Eleven-strong club sees 2% overall drop in turnover against magic circle firms' increase

Firms in the City-based £100m group have fallen further behind the magic circle over the last financial year.

The 11 firms in the group, which include all of the City top 10 outside the magic circle as well as CMS Cameron McKenna, SJ Berwin, Bird & Bird, Berwin Leighton Paisner (BLP), Denton Wilde Sapte and Nabarro, on average saw turnover drop by 2%, with profits per equity partner (PEP) down by just over 23%.

In contrast, the magic circle achieved a slight increase in turnover against a drop in PEP of only 12.3%.

Bird & Bird was the star performer achieving a 29.6% jump in revenues, with Lovells the only other member to achieve double digit growth in turnover. Macfarlanes fell out of the group altogether, with a 10.8% drop taking revenue to £99m.
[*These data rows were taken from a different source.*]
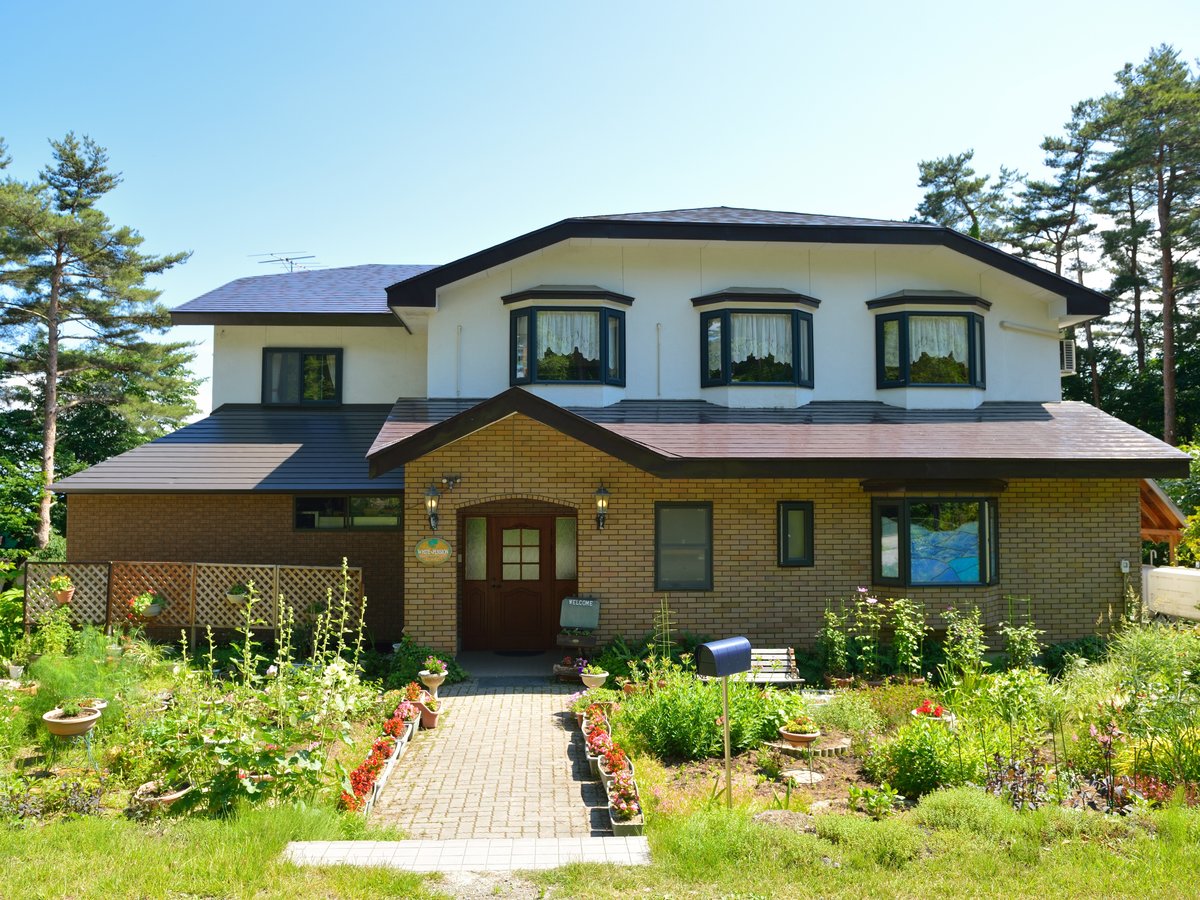 ペンションの外観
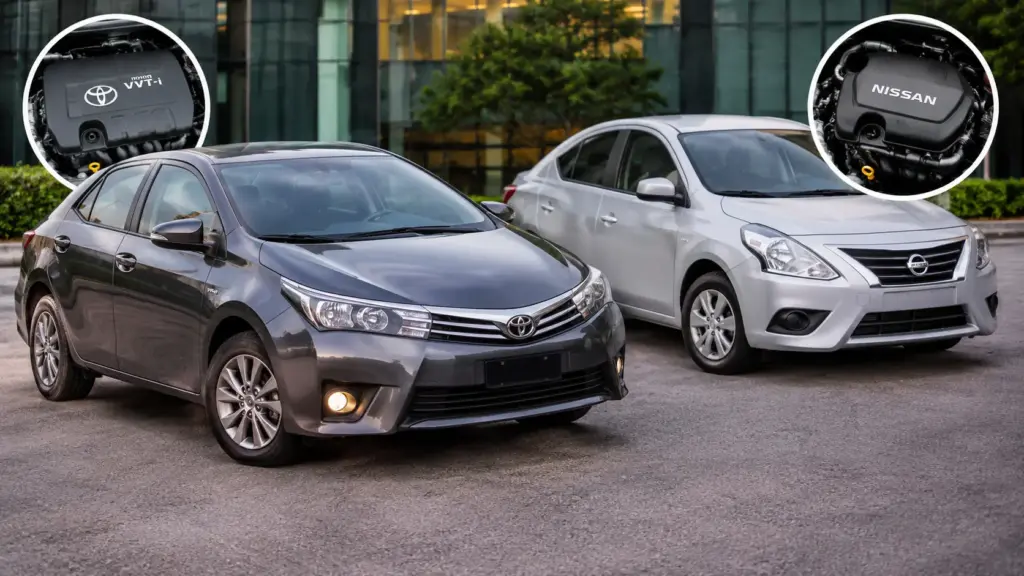 Custando quase R$ 38 mil menos que um Nissan Versa 0 km: com motor 2.0 flex de até 154 cv, câmbio CVT, 470 litros de porta-malas e entre-eixos de 2,70 metros, o Toyota Corolla XEi 2015 entrega porte de sedã médio e fama de robustez por cerca de R$ 82 mil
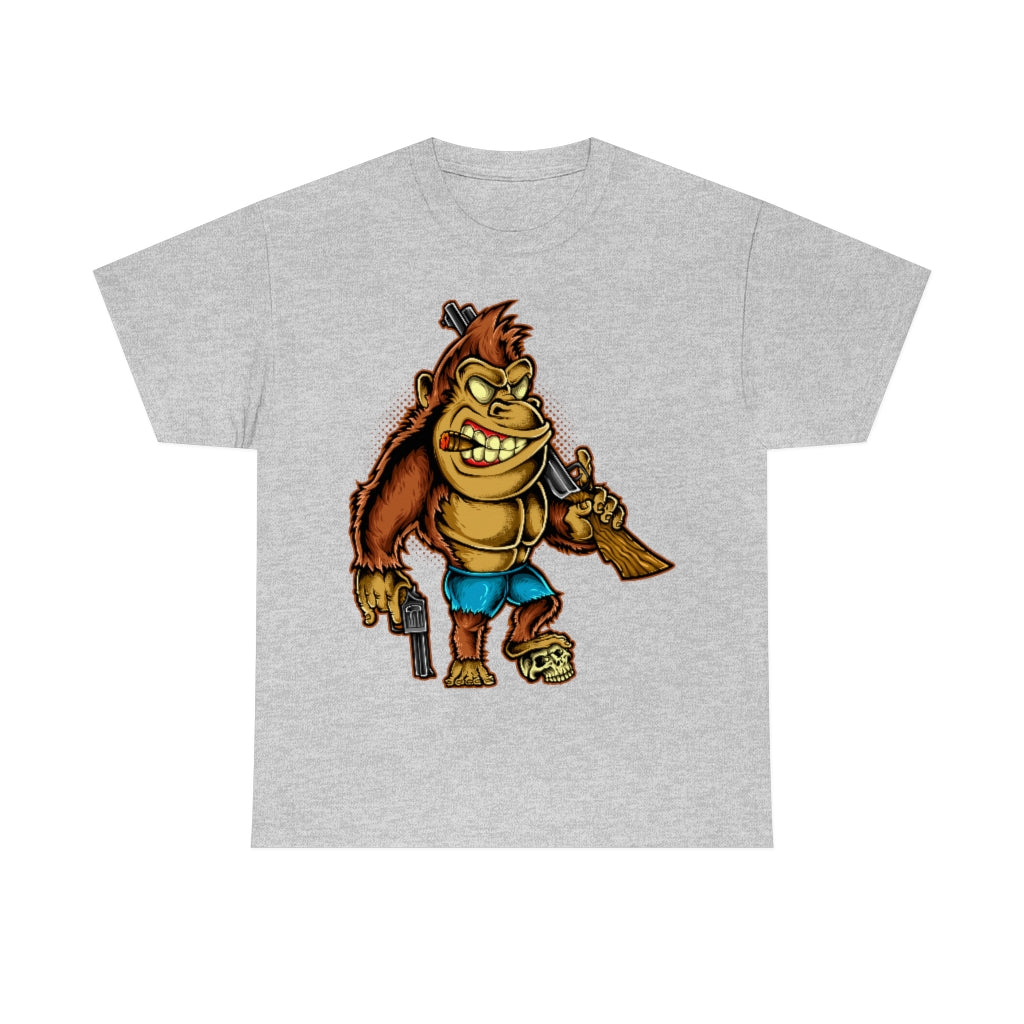 Cartoon Book Series - Great Ape - Unisex Heavy Cotton Tee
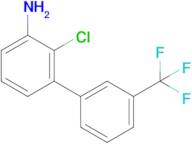 2-Chloro-3'-(trifluoromethyl)-[1,1'-biphenyl]-3-amine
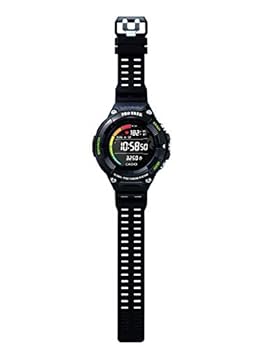 CASIO Pro Trek WSD-F21HR-BK Smart Watch Wear OS Bluetooth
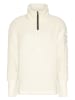 Didriksons Fleece trui "Monia" wit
The group faired even worse by PEP, with SJ Berwin seeing the second biggest fall in the top 50, with a fall of almost 49% to £410,000. Ashurst, BLP, Dentons and Nabarro all saw profits drop by more than 30%, leaving the group without a single member with PEP of £1m plus.

SJ Berwin senior partner Jonathan Blake (pictured) said: "We are disappointed with the results. They are not acceptable for a firm with our level of ambition. We are going to focus on improving these results in the future by looking at our areas of strength and deepening our client relationships as well as increasing efficiency and looking at costs."

While the drop in activity levels over the last year has highlighted the differences between the chasing pack firms and the magic circle, it is broadly in line with the mid-tier City firms below them in the rankings. They averaged a slightly smaller dip in revenues and PEP, with six of the firms seeing falls in PEP of more than 30%.

Travers Smith fell nearly 10 places in the tables after seeing turnover drop by 20% and PEP by nearly 40% as a result of its heavy exposure to the battered M&A and private equity markets.

David Willis, managing partner at Herbert Smith, commented: "Last year could have been better, but considering how ghastly the outside world has been doing, it could have been a lot worse. Overall I'm pleased with the financial performance."

David Harris, Lovells' managing partner, added: "It will be a tough year in which many clients will continue to suffer, with work levels remaining uneven. Many firms will be looking to the counter-cyclical areas of their practices to drive their performance."